In practice, that goal often isn’t feasible due to the difficulty of harvesting high-entropy data. Instead, it is common to take data that is believed to contain enough entropy for cryptographic security, and use it to “seed” a cryptographic pseudo-random number generator, which is an algorithm that produces a stream of values that one hopes, for all intents and purposes, is indistinguishable from random to any attacker in practice, even if a theoretical attack were possible, given unbounded resources.

What is PRNG?

A pseudorandom number generator (PRNG) is an algorithm for generating a sequence of numbers that approximates the properties of random numbers. The sequence is not truly random in that it is completely determined by a relatively small set of initial values, called the PRNGs state. Although sequences that are closer to truly random can be generated using hardware random number generators.

Most pseudo-random generator algorithms produce sequences which are uniformly distributed by any of several tests. Common classes of these algorithms are linear congruential generators, lagged Fibonacci generators, linear feedback shift registers and generalized feedback shift registers.
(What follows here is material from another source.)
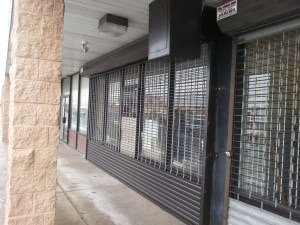 Chinese folding doors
Recent instances of pseudo-random algorithms include Blum Blum Shub, Fortuna, and the Mersenne twister.

Interfaces to Random Numbers

People tend to use pseudo-random numbers instead of numbers that are secure in the information theoretic sense (i.e., truly random numbers with entropy to an attacker) only because pseudo-random numbers are efficient to generate, whereas data with large amounts of entropy tends to not be. One advantage of using truly random numbers is that the difficulty of breaking one random value (by, say, brute-force guessing) is independent of breaking any other value. That is not true with a cryptographic PRNG, where an attacker with enough output can predict future outputs with a probability of 1, assuming enough computational resources. A good PRNG will provide computational security, meaning that an adversary with realistic resources should not be able to distinguish PRNG output from truly random data. However, PRNGs are incapable of providing information theoretic security in the way that a one-time pad can.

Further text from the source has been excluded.